Rahat displayed an adoration for music from a very young age and was often found to be singing with his uncle and father, as young as three. From an age of seven, he was already being trained by his uncle Nusrat Fateh Ali Khan in the art of singing Qawwali.

Career
Rahat performed publicly for the first time, when he was nine, at the death anniversary of his grandfather. Since he was fifteen, he was an integral part of Nusrat Fateh Ali Khan's well-known qawwali group and toured the UK with his uncle in 1985. He also performed solo songs at different concerts, in addition to fulfilling his roles in the Quawalli group.

He debuted as a playback singer in Bollywood with the movie Paap (2003), in the song "Mann Ki Lagan".

In April 2012 Rahat toured in the UK, performing at Wembley Arena and the Manchester Arena, playing to a combined audience of over 20,000 people and creating a record of maximum ticket-sales.

The song "Zaroori Tha" from the album Back 2 Love (2014) became the first original non-film music video from the Indian subcontinent to cross 100 million views on YouTube after two years, and 200 million views within three years of its release. Eventually it reached to 1 Billion views. He is also touring with Leo Twins from Nescafé Basement on a regular basis.
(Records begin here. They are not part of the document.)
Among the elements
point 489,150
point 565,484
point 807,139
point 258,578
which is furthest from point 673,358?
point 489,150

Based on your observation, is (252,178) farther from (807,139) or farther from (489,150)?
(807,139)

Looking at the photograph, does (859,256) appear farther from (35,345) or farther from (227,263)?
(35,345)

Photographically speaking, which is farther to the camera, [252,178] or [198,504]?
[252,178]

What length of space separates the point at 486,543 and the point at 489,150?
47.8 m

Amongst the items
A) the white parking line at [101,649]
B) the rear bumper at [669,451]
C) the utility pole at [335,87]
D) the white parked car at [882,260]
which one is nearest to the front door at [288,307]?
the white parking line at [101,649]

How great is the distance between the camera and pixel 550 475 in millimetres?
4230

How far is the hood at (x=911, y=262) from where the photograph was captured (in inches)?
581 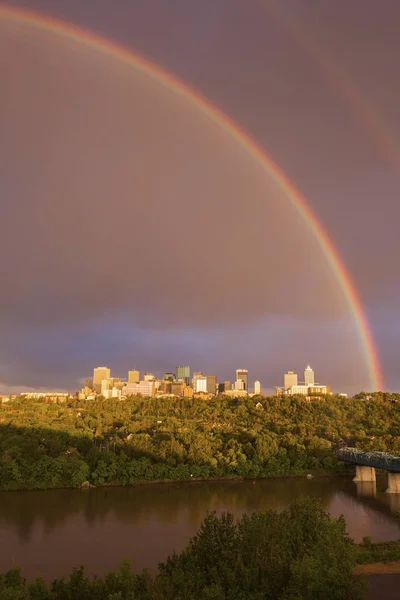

Soundtracks and collaboration
In a subordinate role with his uncle Nusrat Fateh Ali Khan, working in collaboration with Eddie Vedder, of the American rock band, Pearl Jam, Rahat contributed to the soundtrack of the 1995 Hollywood film, Dead Man Walking. In 2002, he worked on the soundtrack of The Four Feathers in collaboration with the American composer of orchestral and film music, James Horner. In 2002, Rahat guested with The Derek Trucks Band on the song "Maki Madni" for Trucks' album, Joyful Noise. In 2006, his vocals were featured on the soundtrack of Mel Gibson's Apocalypto.

Television
He judged the show, Chhote Ustaad alongside Sonu Nigam. He was also one of the judges on the singing reality show Junoon, premiered on NDTV Imagine in 2008.

Nobel Peace Prize Concert
Rahat became the first Pakistani to perform at any Nobel Prize concert, when he was invited to the concert at 2014 Nobel Peace Prize ceremony. He performed Nusrat Fateh Ali Khan's most memorable qawwali "Tumhe Dillagi" and "Mast Qalandar", and he also sang "Aao Parhao" there.

Musical shows

Coke Studio
Rahat has appeared in five editions of the Pakistani musical show Coke Studio.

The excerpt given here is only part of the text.